The lack of association between depressive symptom patterns and endothelial dysfunction levels contrasts with cross-sectional studies that found positive associations between depressive symptoms or depressed mood with greater endothelial dysfunction as measured by flow-mediated dilation (20, 21). Few studies have examined these relationships longitudinally. One study found correlations between depressive symptoms and endothelial dysfunction among adolescent to young adult females across multiple exams (44), while another found that older women with a history of major depressive disorder, but no current symptoms, had higher levels of endothelial dysfunction than women without a history of depression (45); taken together, these findings may be suggestive of residual elevations in endothelial dysfunction following a depressive episode. However, these studies comprised small sample sizes and in cross-sectional or retrospective designs. The present study indicates that patterns of depressive symptoms may not be longitudinally or cumulatively associated with endothelial dysfunction, at least as it is measured by sICAM1 or sP-selectin.

It is debated whether any of these biomarkers are true mechanisms of initial CVD development despite the abundance of evidence demonstrating associations between biomarkers of inflammation, oxidative stress, or endothelial dysfunction and greater risk of poor outcomes or secondary events among adults with CVD (3). Even within the context of depression, some studies have found that these biomarkers explain only part of the association between depression and incident cardiovascular events. For example, adjusting for kidney function attenuated the mediating role of inflammatory markers between depressive symptoms and CVD (46). Most telling, studies implementing Mendelian randomization appear to refute a causal relationship between these biomarkers and incident CVD (7, 47, 48). However, a 2017 study found that administering a therapeutic dose of an anti-inflammatory therapy (150 mg of canakinumab every 3 months) to patients with CVD lowered their risk of a secondary nonfatal or nonfatal cardiovascular event by 15% compared to those administered a placebo (49). Nonetheless, some have argued that these biomarkers may be useful risk markers, rather than risk factors, for CVD, given that their associations with CVD are modest, at best, after accounting for traditional risk factors (7).
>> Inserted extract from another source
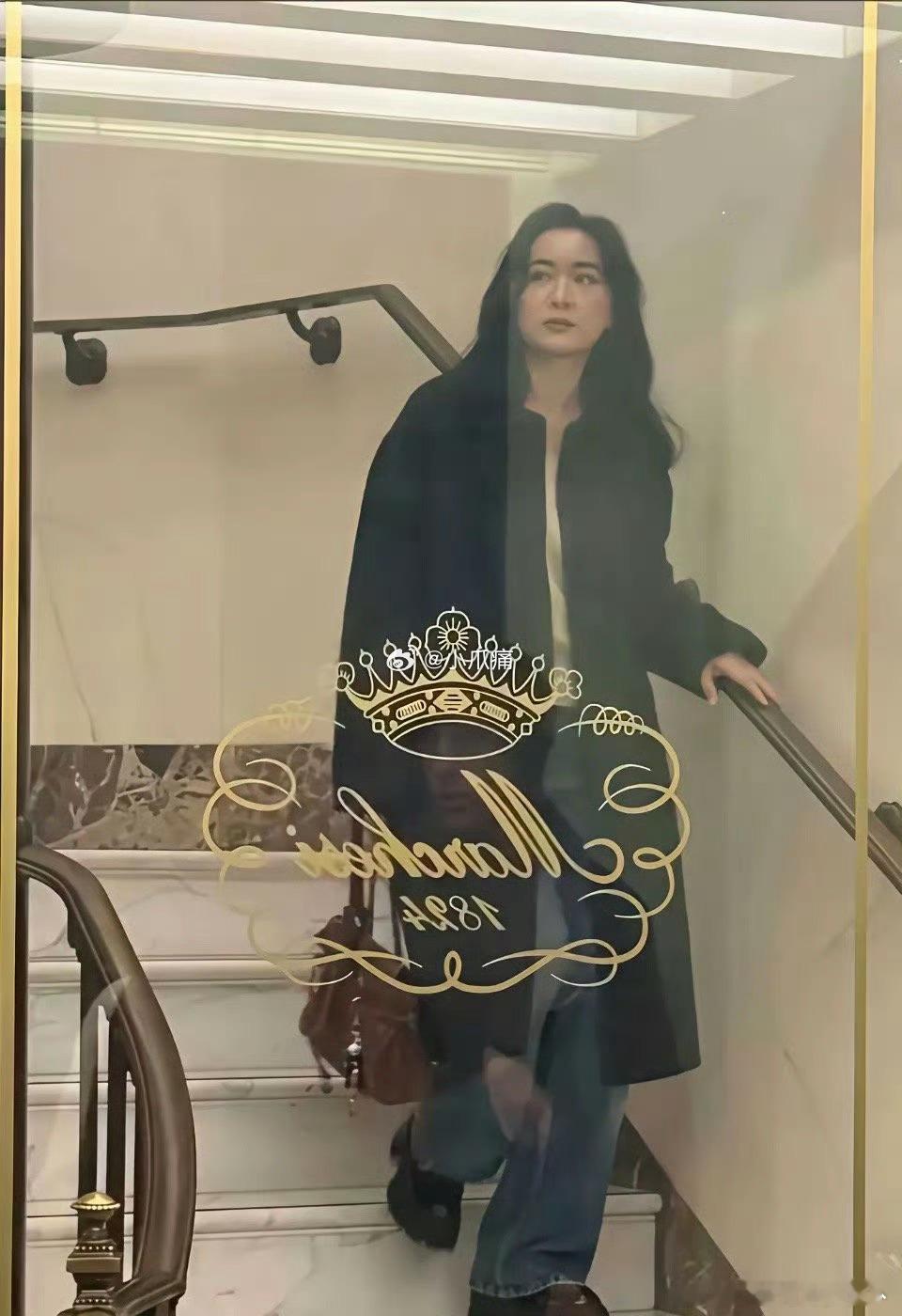 贾玲已经完全是另外的人了，不再肥胖搞笑，而是高冷时尚 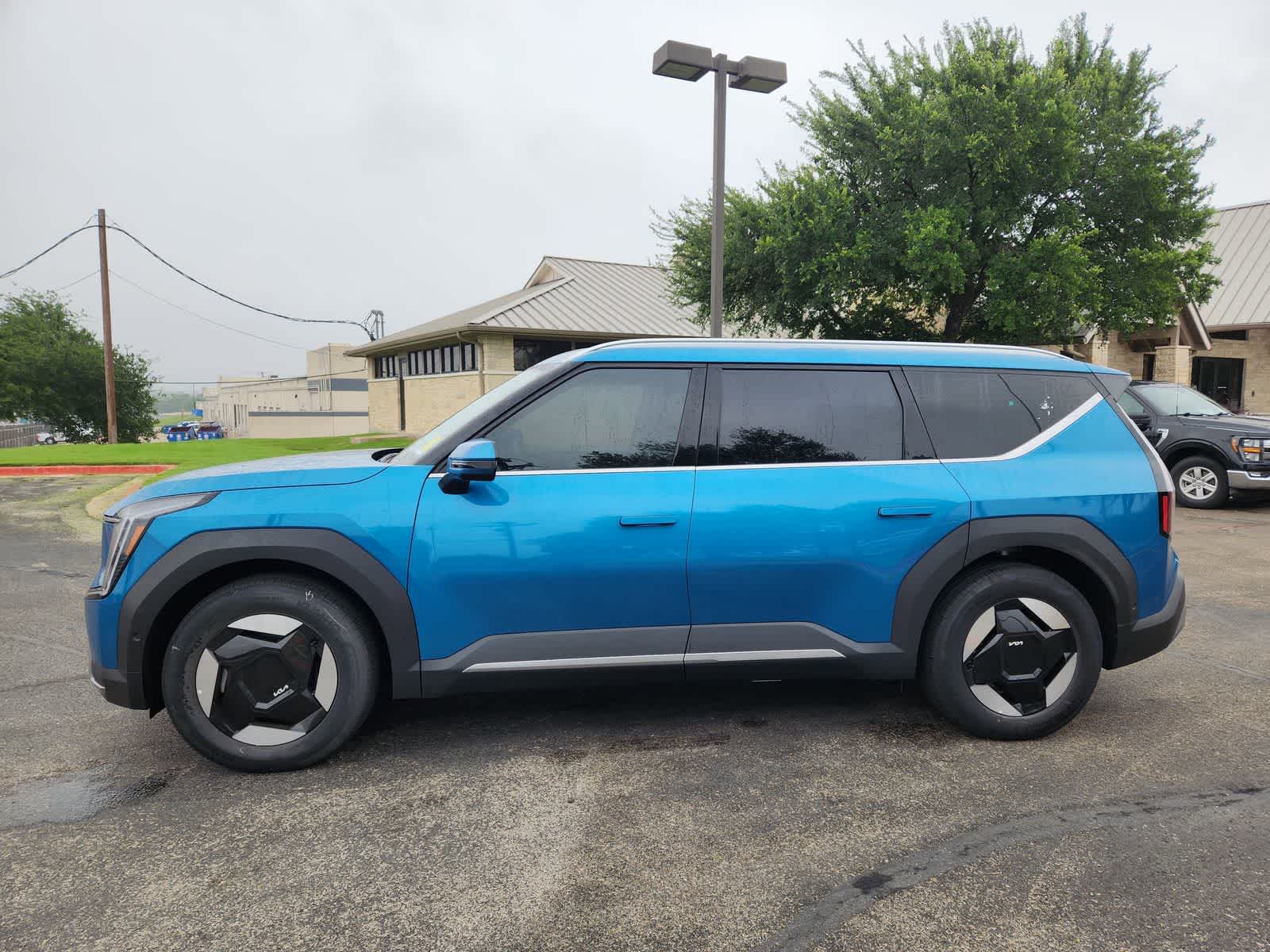 Thumbnail: 2026 Kia EV9 - 4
The presence of other psychological factors may further complicate the relationships between depression, smoking, and CVD. Anxiety, anger, and hostility traits have been associated with increased risk for CVD (5052), and some have posited that rumination may be a mechanism by which depression increases risk for CVD (53). A hypothesis of general susceptibility to CVD due to mental disorders, particularly early in life, has also been proposed (54). This theory is supported by the results of the INTERHEART study, in which an index of psychosocial stress (including depression, stress, low locus of control, and major life events) was associated with more than 2.5 times greater odds of myocardial infarction per each additional stressor, even after accounting for other risk factors including smoking (55). Further studies are needed to delineate the complex relationships between biomarkers, behaviors, and psychological risk factors with CVD.

A major strength of this study was the variety of biomarkers, which allowed us to compare across and between physiological measures within a single sample. Furthermore, evaluating patterns of depressive symptoms and smoking over time allowed us to identify associations, and perhaps more importantly a lack thereof, that were not observed in cross-sectional analyses.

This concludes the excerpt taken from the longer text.